Source data:
+-------+
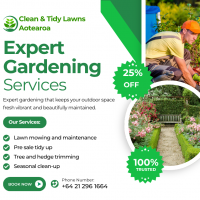 Clean & Tidy Lawns Aotearoa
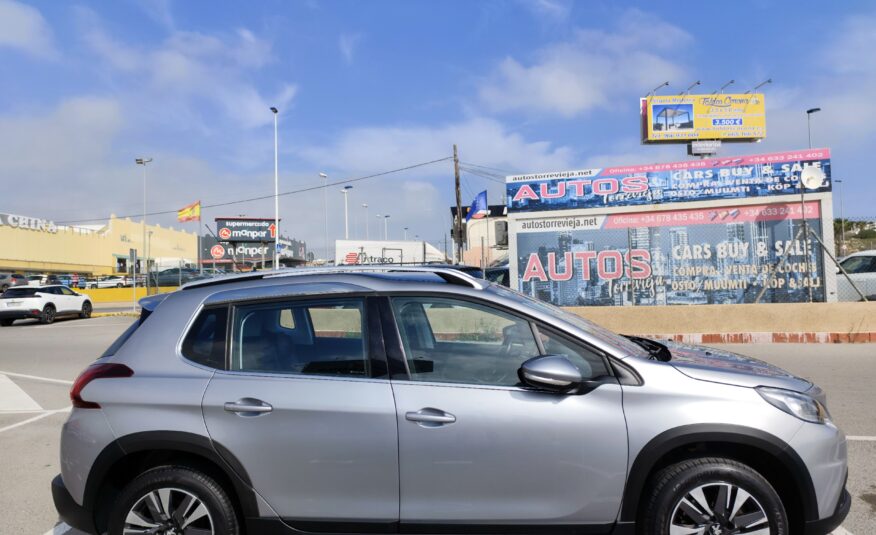 PEUGEOT 2008 1.2 GASOLINA 110 CV 2016 93.000 KM AUTOMATICO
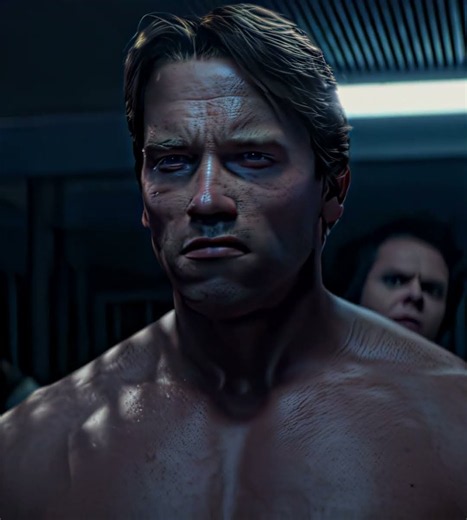She Saves The Arnold 💀 - Terminator Genisys | House of Memories #Trending #Edit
+-------+
Task directions:
Output the lines above in full and exactly as given, omitting any pictures.

Task answer:
 Clean & Tidy Lawns Aotearoa
 PEUGEOT 2008 1.2 GASOLINA 110 CV 2016 93.000 KM AUTOMATICO
She Saves The Arnold 💀 - Terminator Genisys | House of Memories #Trending #Edit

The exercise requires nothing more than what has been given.